# [Exercise aim]
Pictures in the data should be dropped; transcribe exactly the lines from the one that has "Продается курица квочка(клушка)" through the one that has "tube, spring 2025".

# [Listed records]
▶

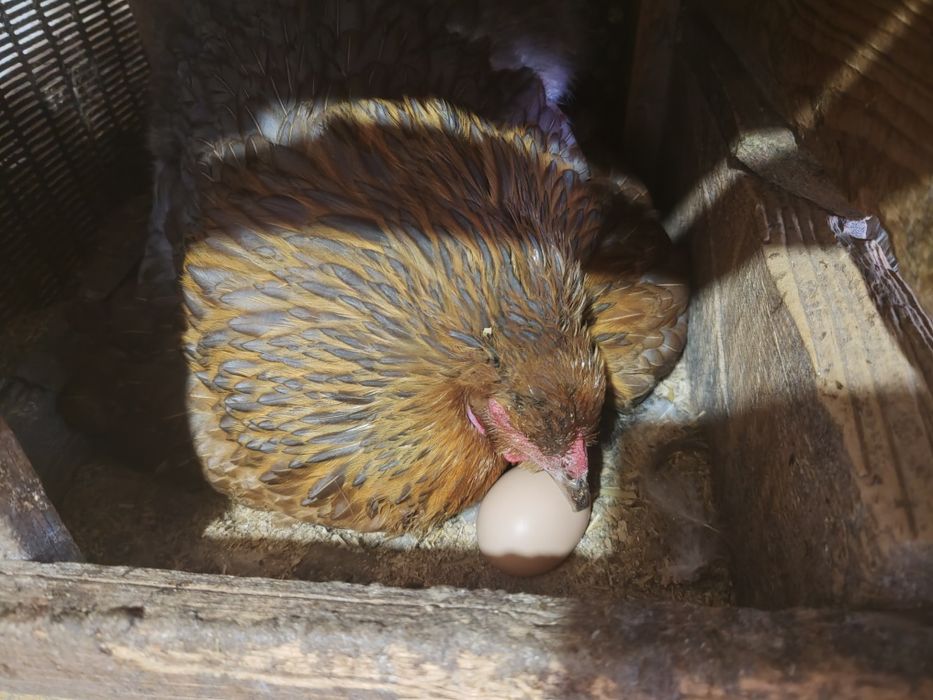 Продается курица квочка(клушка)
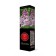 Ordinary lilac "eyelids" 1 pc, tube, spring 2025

◀
▶

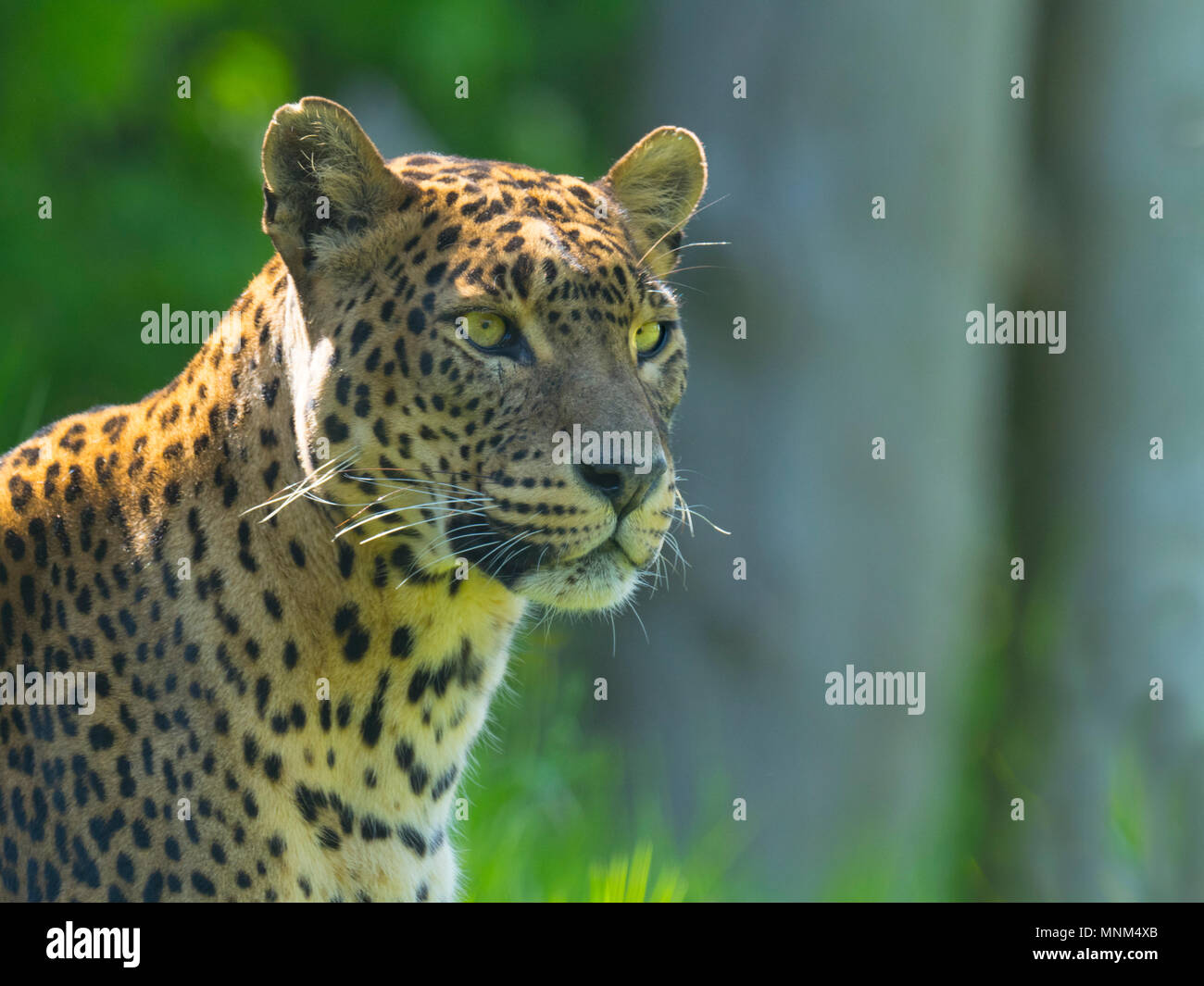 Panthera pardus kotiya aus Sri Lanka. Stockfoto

◀

# [Expected answer]
 Продается курица квочка(клушка)
 Ordinary lilac "eyelids" 1 pc, tube, spring 2025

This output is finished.